>>>>

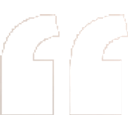 Hobsonville School logo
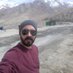 Prateek Joshi (@joship2812) Twitter profile photo Prateek Joshi (@joship2812) Twitter profile photo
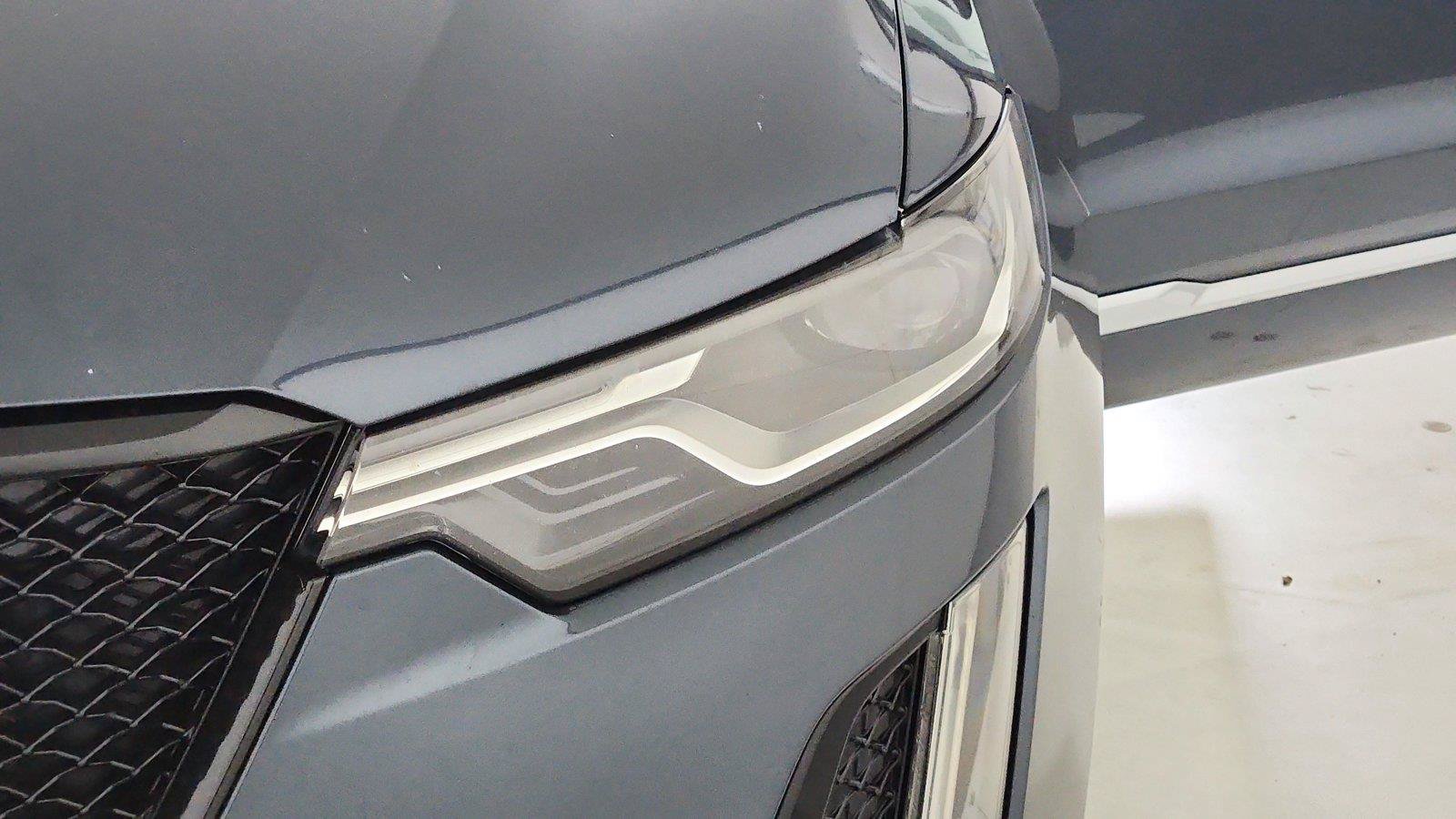 Used 2020 Cadillac XT6 Sport AWD/4WD image 42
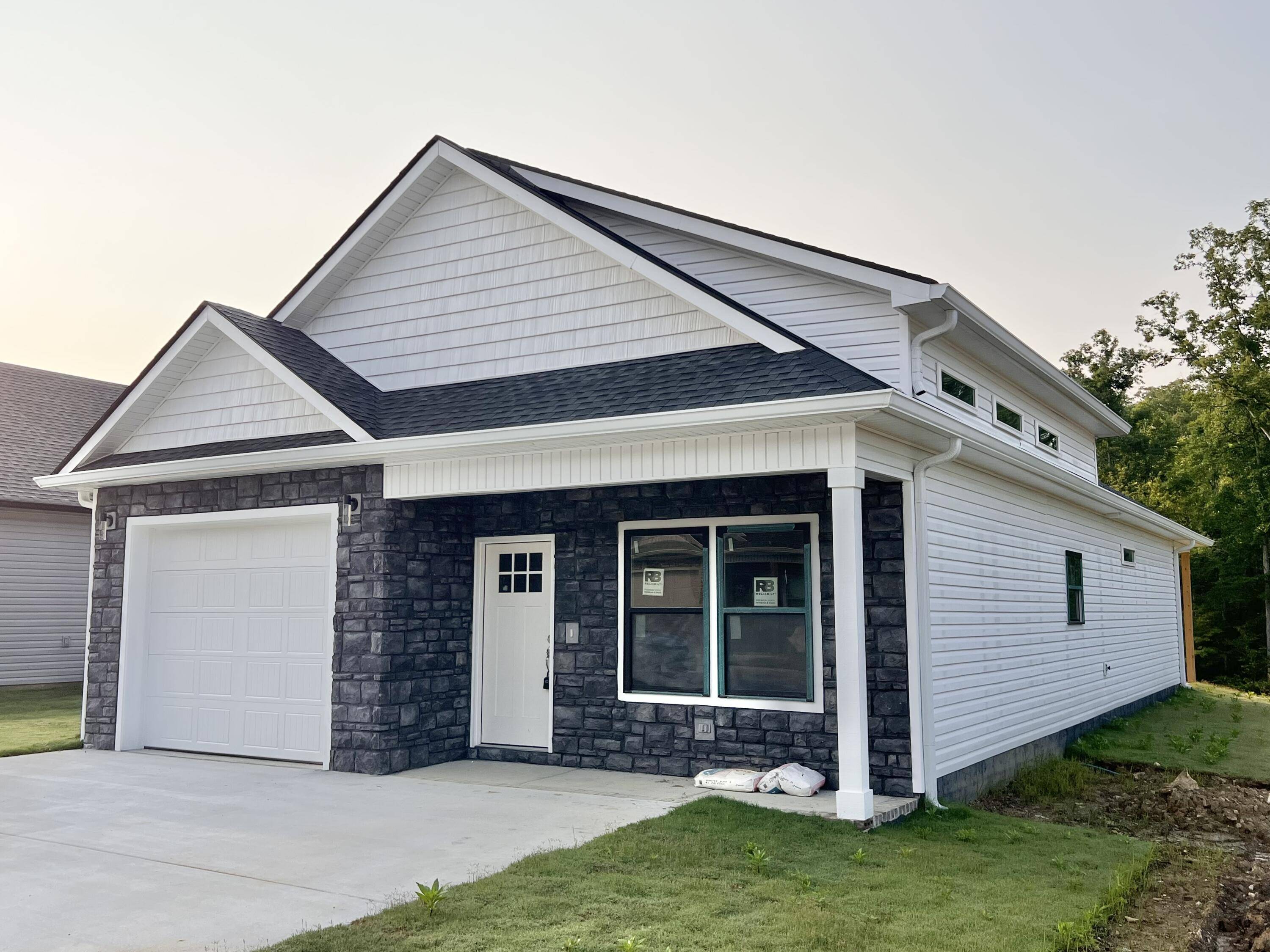 Ringgold, GA 30736,159 Rock Bridge DR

<<<<

» **WHAT THE TASK ASKS**
The whole listing must be transcribed exactly. No pictures belong in the copy.

» **OUTPUT FOR THIS EXERCISE**
 Hobsonville School logo
 Prateek Joshi (@joship2812) Twitter profile photo Prateek Joshi (@joship2812) Twitter profile photo
 Used 2020 Cadillac XT6 Sport AWD/4WD image 42
 Ringgold, GA 30736,159 Rock Bridge DR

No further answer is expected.